Aside from the obvious, I am excited for these two reasons:
1. Martha Stewart (MARTHA!) ordered a Kentucky-raised Bourbon Red for her Thanksgiving dinner this year. So if you think about it, we are not so different, Martha and I. We are sort of like sisters in this way. It's a Best Friends Forever kind of thing we have going.

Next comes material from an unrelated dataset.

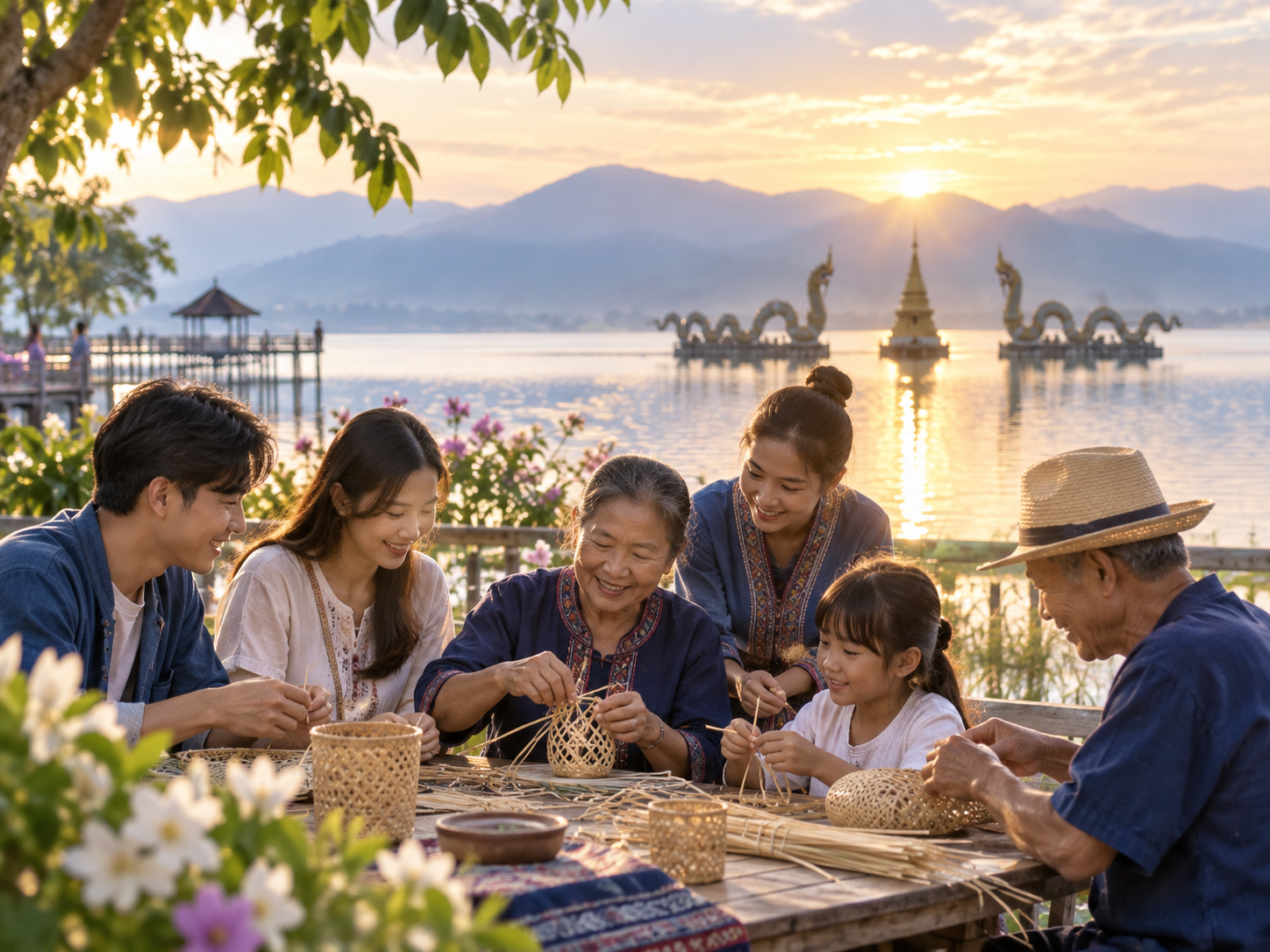 ภาพประกอบคนหลายวัยเรียนรู้งานจักสานร่วมกัน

2. One of my favorite authors and fellow Kentucky native, Barbara Kingslover, recently wrote a book about living in Kentucky, growing all of her family's food and raising livestock (Animal Vegetable, Miracle). There is a chapter about raising Bourbon Red turkeys - it was my most favorite part of the book, for sure. Kingslover is a wonderful writer, and although she was explaining the reproduction cycle of heirloom poultry, she still managed to keep me captivated, make me laugh, and eventually move me to tears. No kidding. (When that miraculous baby turkling's head finally peeped out from under Mamma turkey's feathers? I truly lost it.) Anyway, long before I had made plans to host a Thanksgiving dinner, my interest was piqued. Since reading this book, I've been secretly pining and plotting for one of these bird's entrance into my life.
If you haven't read Animal, Vegetable, Miracle, Kingslover has written this lovely turkey essay for Food and Wine Magazine and it is available online for you to read. It's kind of an abbreviated version from her book, so I command you all to read it!